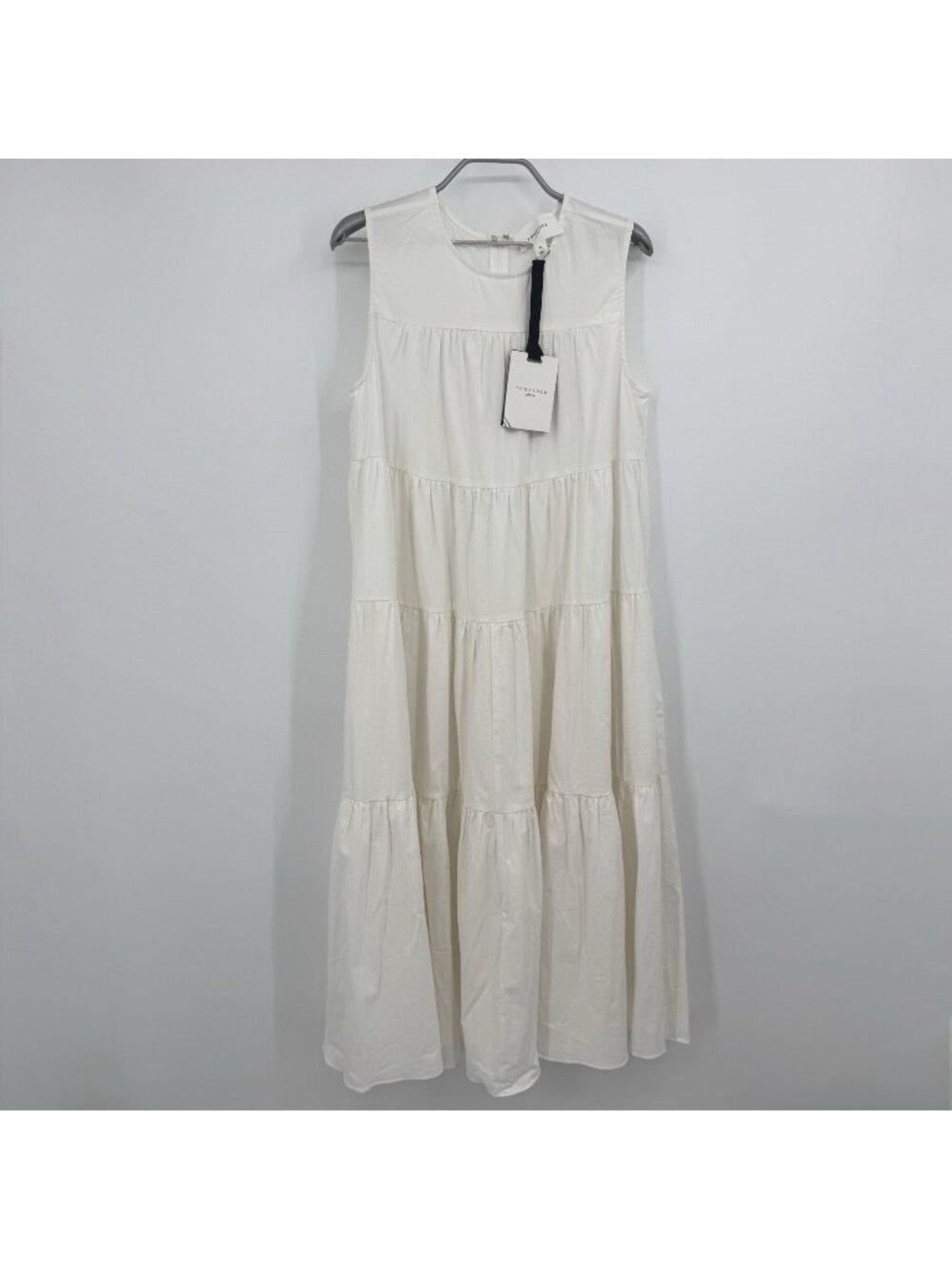Pomander Place by Tuckernuck White Sleeveless Carmen Maxi Dress size M Medium
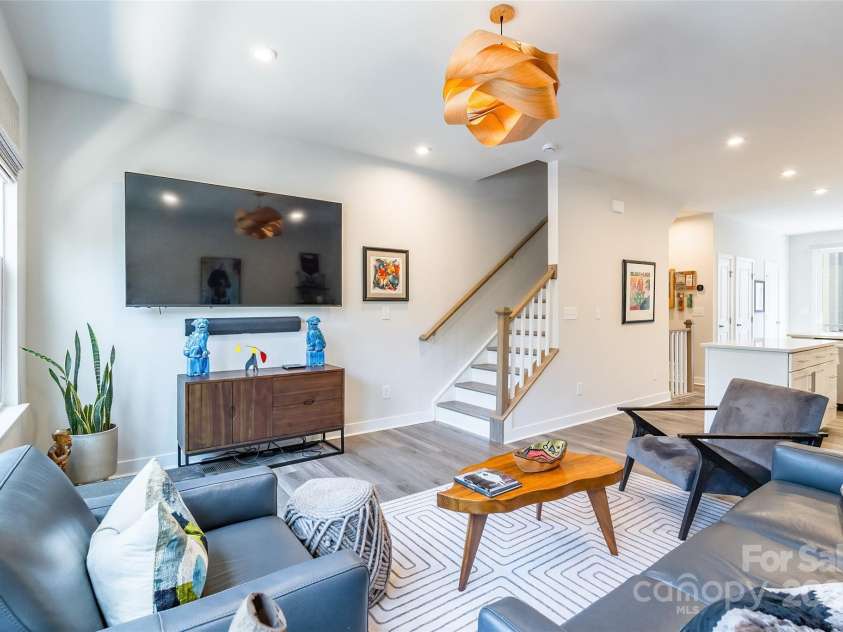819 Anderson Street, Charlotte, NC 28205.  MLS# CAR4267460, YatesRealty ID 21357. 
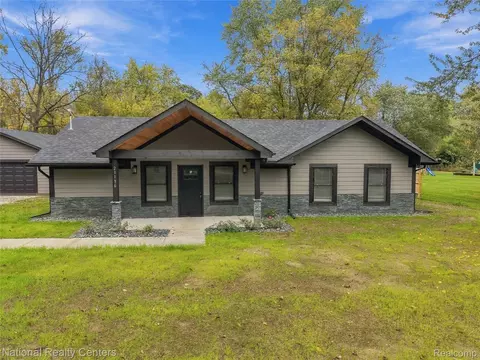 21136 Randall St, Farmington Hills, MI 48336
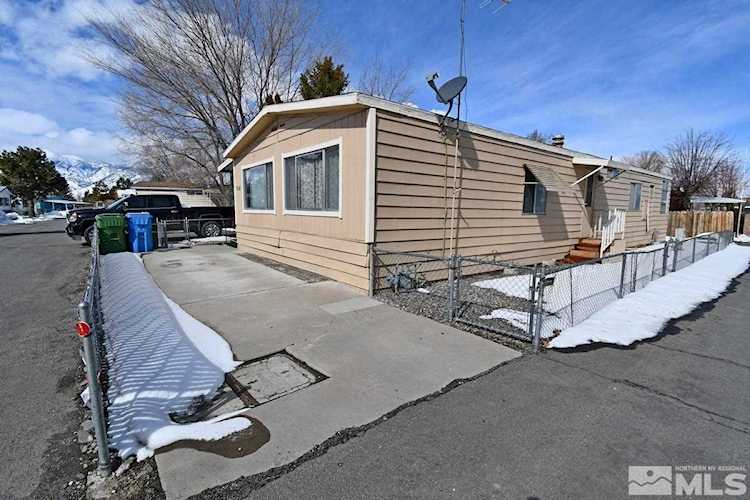 1372 Queens Court Gardnerville, NV 89410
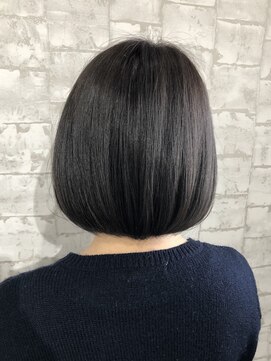 ルミュー(Le Mieux) 《Le Mieux》グレージュシンプルボブ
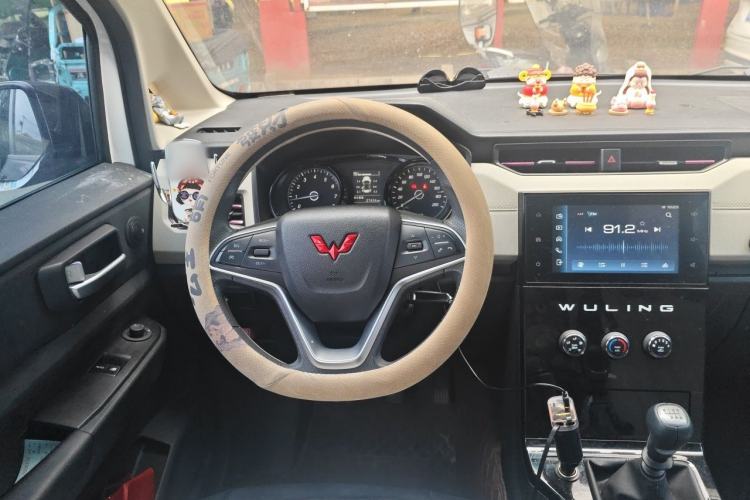 Used Wuling Zhengcheng 2021 1.5T Manual Luxury Version Steering Wheel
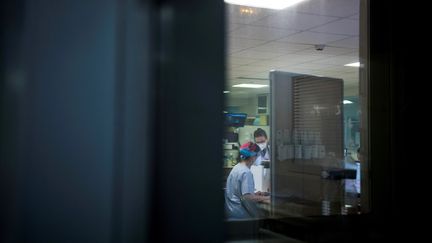 Des soignants travaillent au service des urgences de l'hôpital Saint Camille à Bry-sur-Marne, en banlieue parisienne, le 21 janvier 2022. Photo d'illustration. (JULIEN DE ROSA / AFP)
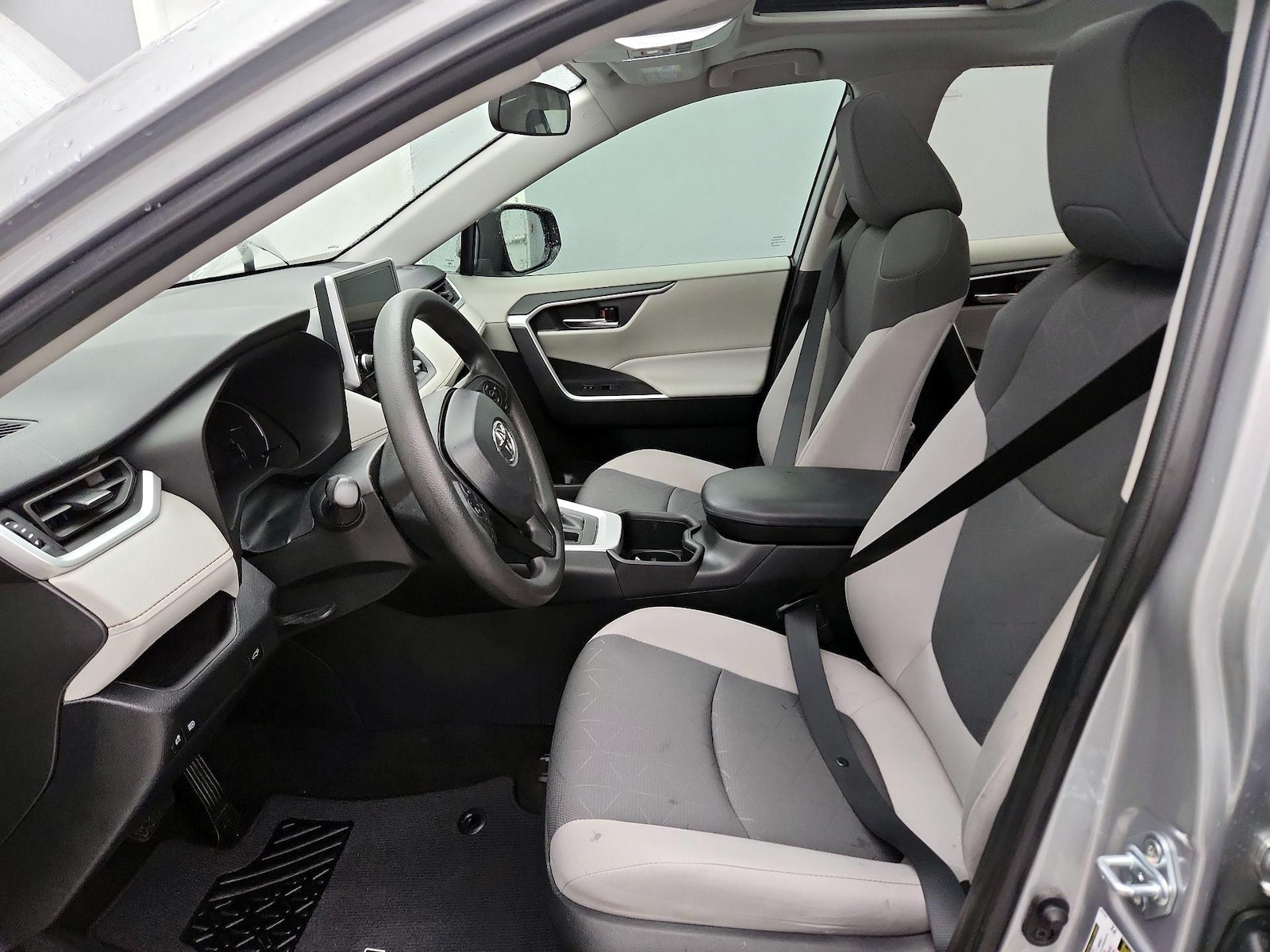 Power Seat(s) & Side Airbags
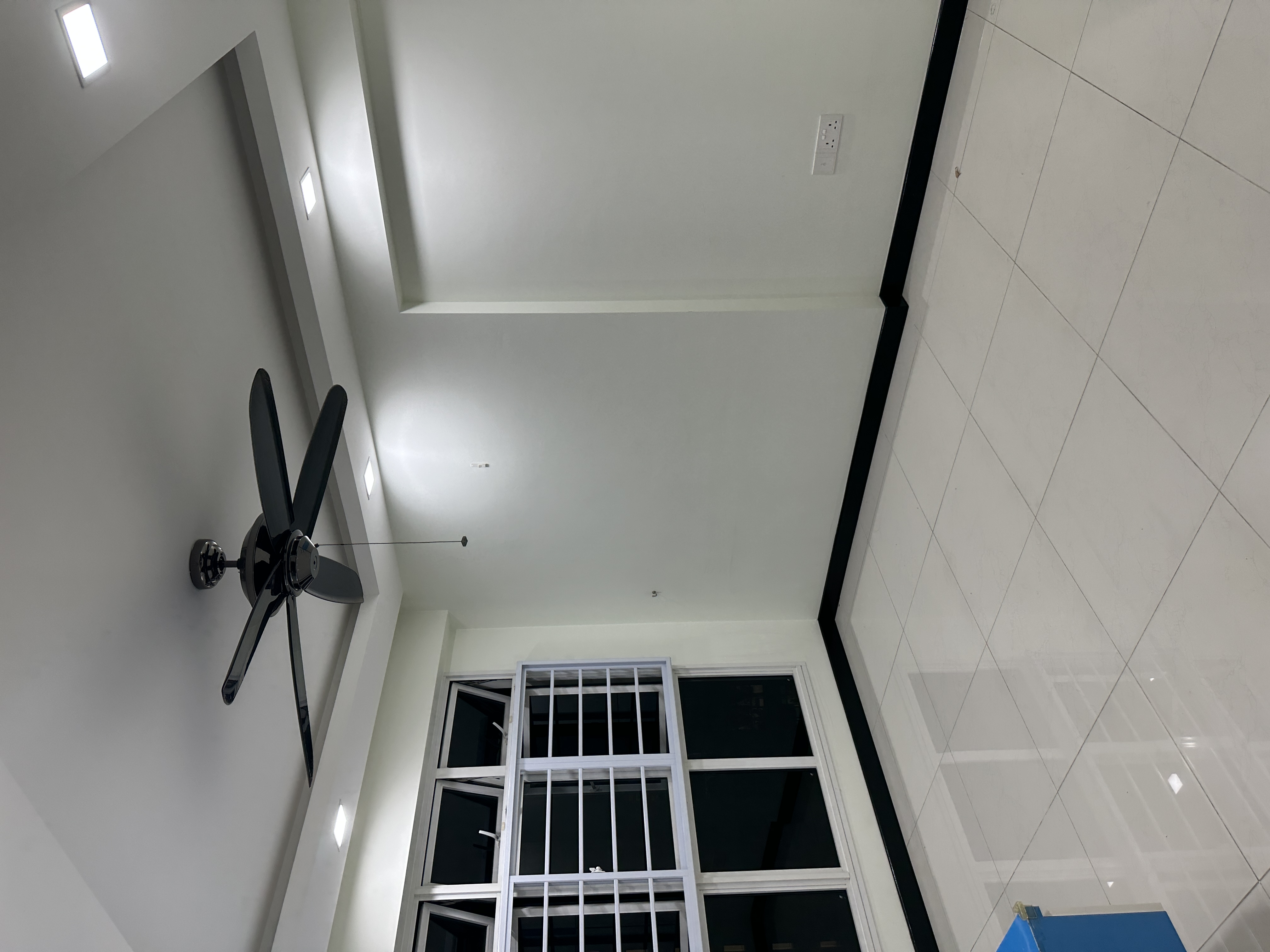 House-Hunting: our 5 year old resale flat was a love at first sight - Modern minimalist interior, ceiling fan, white tiled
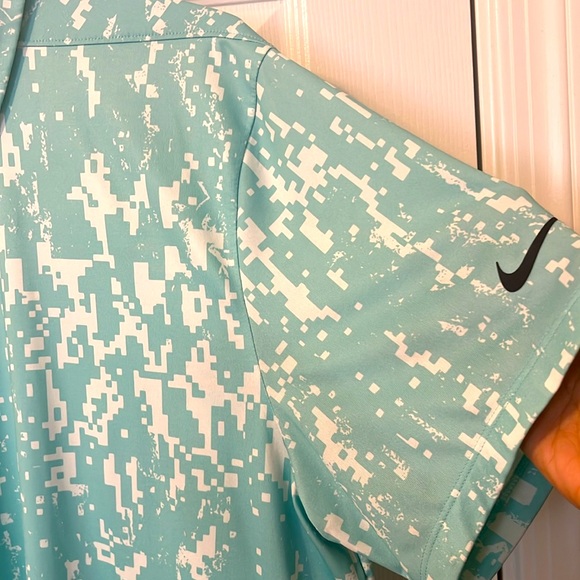 Nike Golf Dri-Fit Green Polo Shirt - Size Large - Excellent Condition. - Picture 5 of 6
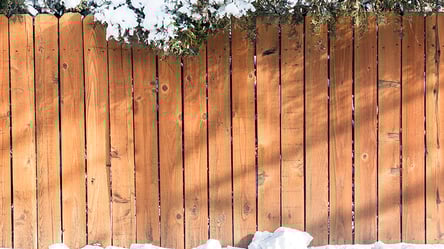 Забор между соседями — каким нормам должен соответствовать в 2026 - 285x160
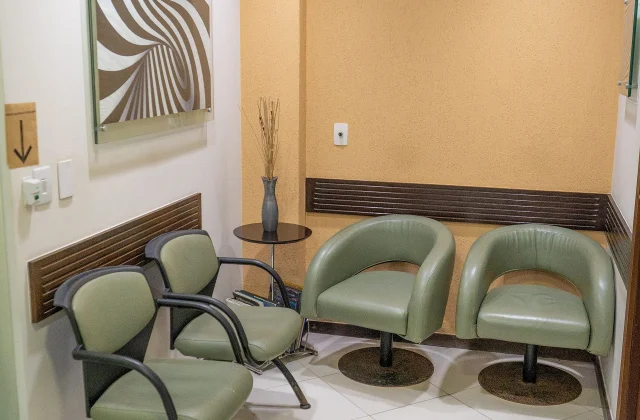 Sala de espera da Barra Trauma, com poltronas e iluminação suave
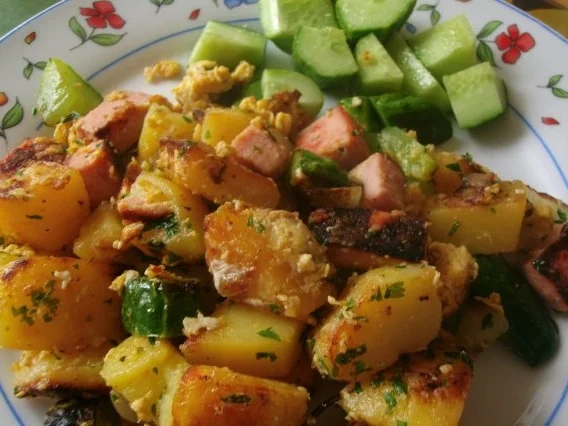 Bratkartoffel - Gurken - Leberkäsepfanne - Rezept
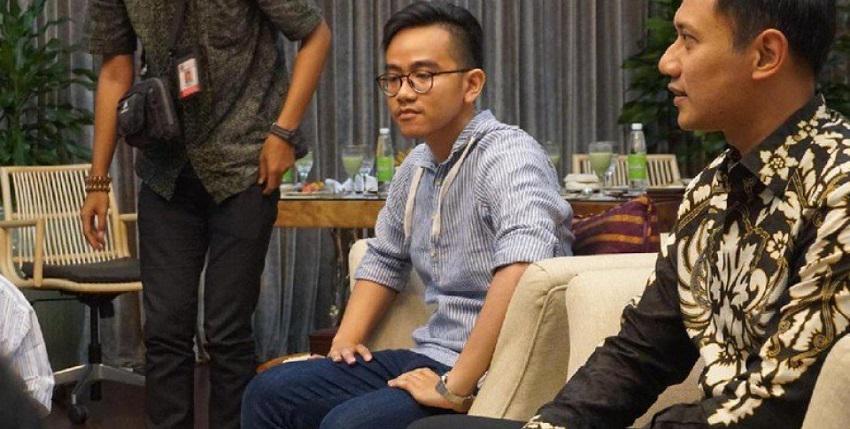 Gaya Duduk Gibran Saat Bertemu AHY Dibikin Meme Oleh Kaesang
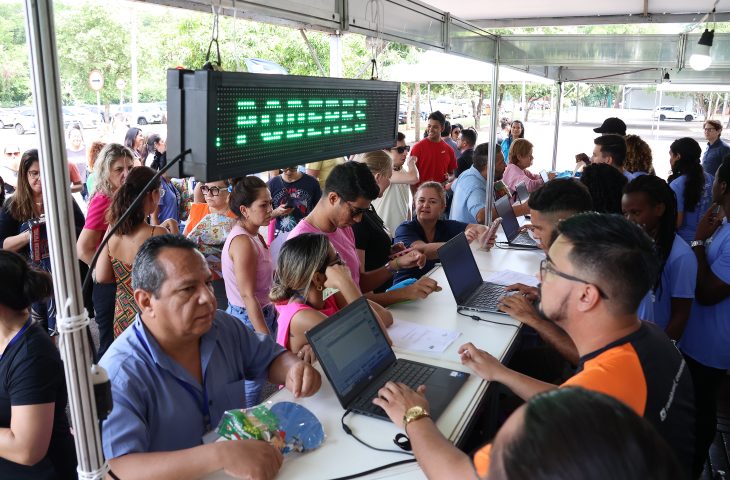 Corrida dos Poderes: atletas recebem kits e se preparam para a largada neste sábado às 17h30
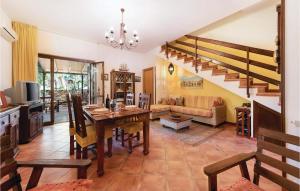 Posezení v ubytování Holiday Home Cornino Tp With Fireplace I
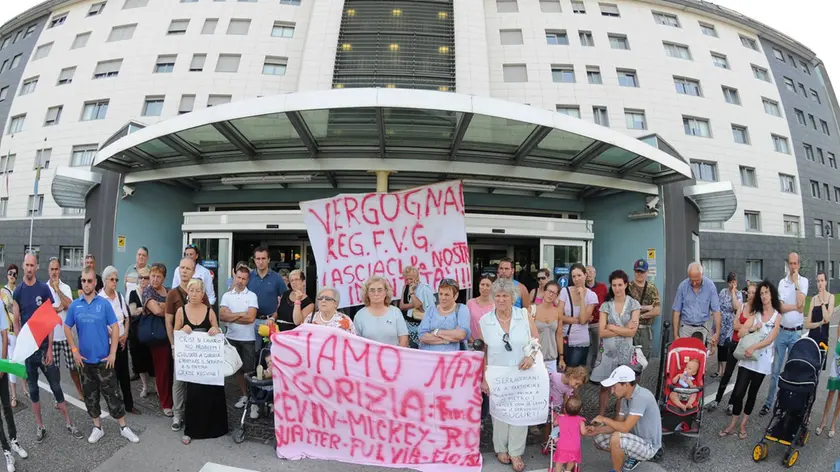 Una protesta contro la chiusura del Punto nascita in una foto di archivio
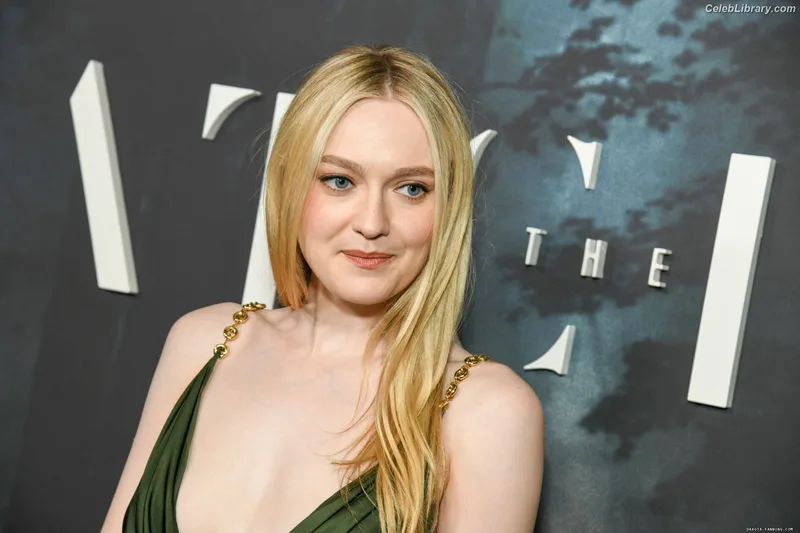 Dakota Fanning photo 6 of 728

▸ **Required action**: Retyped exactly, the lines from the one holding "Used Wuling Zhengcheng" through the last line of the data above are the whole answer. Pictures stay out.

▸ **Written answer**:
 Used Wuling Zhengcheng 2021 1.5T Manual Luxury Version Steering Wheel
 Des soignants travaillent au service des urgences de l'hôpital Saint Camille à Bry-sur-Marne, en banlieue parisienne, le 21 janvier 2022. Photo d'illustration. (JULIEN DE ROSA / AFP)
 Power Seat(s) & Side Airbags
 House-Hunting: our 5 year old resale flat was a love at first sight - Modern minimalist interior, ceiling fan, white tiled
 Nike Golf Dri-Fit Green Polo Shirt - Size Large - Excellent Condition. - Picture 5 of 6
 Забор между соседями — каким нормам должен соответствовать в 2026 - 285x160
 Sala de espera da Barra Trauma, com poltronas e iluminação suave
 Bratkartoffel - Gurken - Leberkäsepfanne - Rezept
 Gaya Duduk Gibran Saat Bertemu AHY Dibikin Meme Oleh Kaesang
 Corrida dos Poderes: atletas recebem kits e se preparam para a largada neste sábado às 17h30
 Posezení v ubytování Holiday Home Cornino Tp With Fireplace I
 Una protesta contro la chiusura del Punto nascita in una foto di archivio
 Dakota Fanning photo 6 of 728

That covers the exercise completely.